Rezension zu Kinder brauchen Männer

Perspektive Mediation. Beiträge zur Konfliktkultur 1/2016

Rezension von Sabine Zurmühl

Gute Väter und böse Männer?

Hier wird in einer Reihe von Aufsätzen die große Frage angegangen, wie eigentlich das Männerbild und die Männererfahrung für Kinder in unserer Gesellschaft vermittelt wird. Die beiden Herausgeberarbeiten am Institut für Psychosoziale Intervention und Kommunikationsforschung der Universität Innsbruck und haben für diesen Band ein früheres Heft der Zeitschrift psychosozial (Nr. 126 von 2011) noch einmal aktualisiert und ausführlicher gestalten lassen. Auch wenn die Hauptrichtung der Beispiele sich auf die öffentliche Erziehung in Kindergarten, Hort und Schule durch männliche Bezugspersonen bzw. ihre Wünschbarkeit bezieht, so kommen doch sehr interessante und in ihrer Konflikthaftigkeit aktuelle Fragestellungen zur Sprache: von »Fragmentierten Vaterschaften« ist die Rede, die die Gegenwart verlässlicher Leitbilder vermissen lassen vor dem Hintergrund der These, dass viele Männer ihre Väterlichkeit aufgrund eigener Bedürftigkeit und gesellschaftlicher Verführungen nicht leben und zu vermitteln imstande sind. (Hans-Gert Metzger). Daneben wird der Begriff der »Public Fathers« von Josef Christian Aigner entwickelt: »Wie werden Männer – mächtige, alltäglich bestimmende, Angst machende, freundlich zugewandte usw. – in der Öffentlichkeit wahrgenommen...?« Wie kann eine positive Väterlichkeit (wieder neu?) entstehen, nachdem durch den letzten Weltkrieg und die Entwertungen bzw. Abwesenheiten der Väter eine konstruktive Suche nach einem anderen Männerbild (auch nach Mitscherlich immer noch) notwendig scheint. Dies auch auf dem Hintergrund einer möglichst gelingenden Triangulierung als Stützung der kindlichen Entwicklung.

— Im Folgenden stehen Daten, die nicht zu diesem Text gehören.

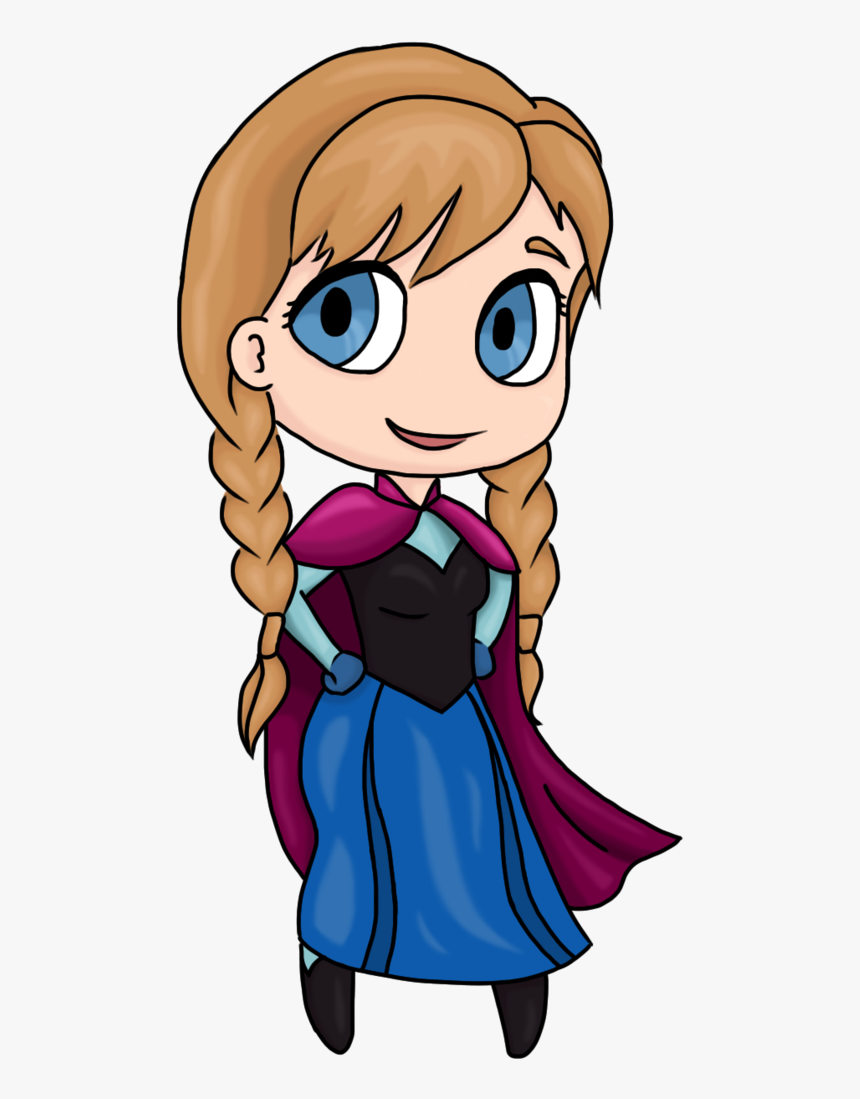 Chibi Anna By The Rose Of Tralee, HD Png Download, Free Download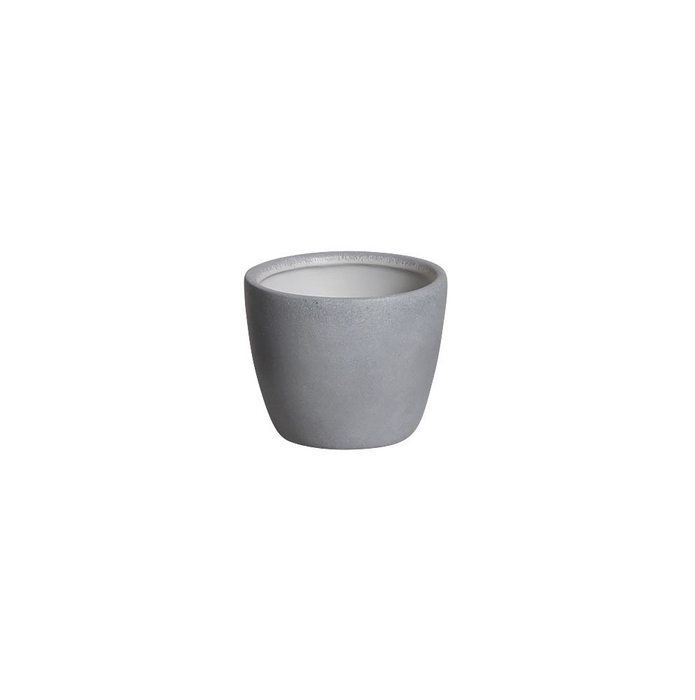 <h4>VASO KALANCHOE P CIMENTO QUEIMADO PT6 7024A7</h4>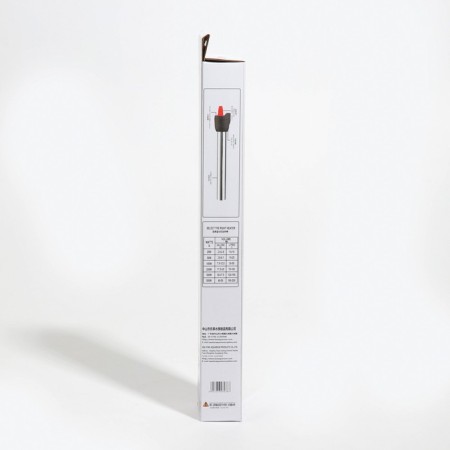 SEA Star HX-233 metallic heater, 500 watts, with a thermostat-6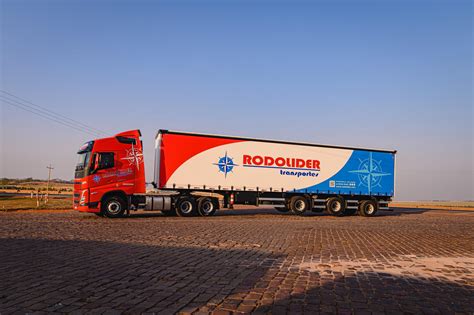 Nova Frota Rodolider Transportes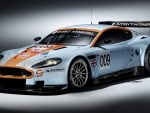 2008 Aston Martin DBR9 Gulf Oil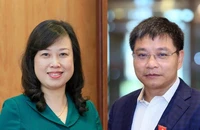Chính phủ có 2 tân Bộ trưởng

Die feministische Debatte hat das Verdienst, für Abwertungen und blinde Flecke im Bereich der Geschlechterwahrnehmung zu sensibilisieren. Die Genderdebatte auch dieses Buches bezieht inzwischen das gegebene bzw. vermittelte Männerbild in seinen Aufgaben und auch seinem Versagen (selbst)kritisch mit ein. Wer Familienmediationen erlebt und in diesem Feld arbeitet, weiß um die so heikle und so unterschiedlich praktizierte Gegenwart der Väter mit den Kindern nach einer Scheidung. Aber auch für andere Konfliktfelder ist die Wachsamkeit gegenüber den darin wirkenden Geschlechterbildern, im Selbstverständnis der jeweiligen Männer und Frauen und in der angezielten Aussenwirkung von kaum zu überschätzender Wichtigkeit. Die Lektüre dieses Bandes ist anregend und lohnend, sowohl für die Selbstwahrnehmung als auch für eine größere Wachheit im Bezug darauf, wie Männer sich zeigen, wie sie auf die neue Generation Einfluss nehmen können und wollen und sollten.